Odcinek 9 to cała plątanina uczuć - gdzie Mariko wychodzi na pierwszy plan i chociaż czytałam książkę - a jej los nie był dla mnie tajemnicą - to i tak jestem wstrząśnięta!!!
Najpierw scena przy bramie - gdzie pomyślałam - no nie - teraz Mariko nie może zginąć!
Później scena z samobójstwem - pomyślałam - no nie - zaraz zabiją mi Mariko inaczej niż w książce - potem poczułam ulgę - by dosłownie za 5 minut prawie spaść z fotela przy scenie wybuchu drzwi!!!
I ten Yabu zdradziecki! Teraz wiadomo, że działa z Ishido - ale jak Blackthorne się o tym dowie - skoro razem przeżyją wybuch??!!
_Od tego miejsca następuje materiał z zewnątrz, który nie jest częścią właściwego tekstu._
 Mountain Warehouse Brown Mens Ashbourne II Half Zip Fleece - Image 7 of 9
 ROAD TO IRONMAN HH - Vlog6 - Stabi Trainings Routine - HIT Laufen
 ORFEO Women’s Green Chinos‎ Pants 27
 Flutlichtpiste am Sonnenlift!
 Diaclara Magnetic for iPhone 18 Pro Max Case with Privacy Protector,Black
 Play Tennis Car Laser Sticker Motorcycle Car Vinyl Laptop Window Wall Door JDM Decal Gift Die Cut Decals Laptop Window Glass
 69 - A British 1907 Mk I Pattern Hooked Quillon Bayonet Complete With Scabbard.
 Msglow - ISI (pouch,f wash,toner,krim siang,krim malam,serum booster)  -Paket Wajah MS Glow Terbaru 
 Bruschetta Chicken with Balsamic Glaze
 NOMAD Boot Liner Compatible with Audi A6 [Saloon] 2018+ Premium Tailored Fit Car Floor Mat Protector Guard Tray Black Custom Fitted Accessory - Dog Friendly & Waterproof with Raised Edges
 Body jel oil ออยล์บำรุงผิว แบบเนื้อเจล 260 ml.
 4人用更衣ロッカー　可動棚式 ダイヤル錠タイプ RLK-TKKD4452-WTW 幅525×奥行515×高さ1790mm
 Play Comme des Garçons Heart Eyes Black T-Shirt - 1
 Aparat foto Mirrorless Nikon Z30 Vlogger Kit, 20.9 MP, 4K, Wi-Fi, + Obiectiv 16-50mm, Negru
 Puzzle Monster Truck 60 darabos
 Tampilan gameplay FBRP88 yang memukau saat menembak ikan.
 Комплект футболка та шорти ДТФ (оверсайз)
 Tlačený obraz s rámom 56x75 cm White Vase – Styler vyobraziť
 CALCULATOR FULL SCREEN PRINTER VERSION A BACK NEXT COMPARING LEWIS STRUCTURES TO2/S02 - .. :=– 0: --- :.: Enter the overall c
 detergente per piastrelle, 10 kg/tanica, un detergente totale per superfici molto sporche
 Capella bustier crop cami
"Szkarłatne niebo" - to po prostu była cała akcja nielegalnego przejęcia władzy przez Toranagę, a Mariko - po prostu mu w tym pomagała. Była ważnym punktem, bo pochodziła ze znakomitego rodu, zarówno własnego, jak i przez małżeństwo i znała w dzieciństwie konkubinę zmarłego Taiko, który ustanowił Radę Regencyjną. Jej śmierć skłóciła Radę, b. zachodziła Ishido, a po prostu - chodziło o rozbicie jedności Rady - co Toranadze ( i historycznemu Ieyasu Tokugawie) udało się znakomicie. MAriko historycznie naprawdę istniała - a jej śmierć - bardzo zaszkodziła przeciwnikom Ieyasu.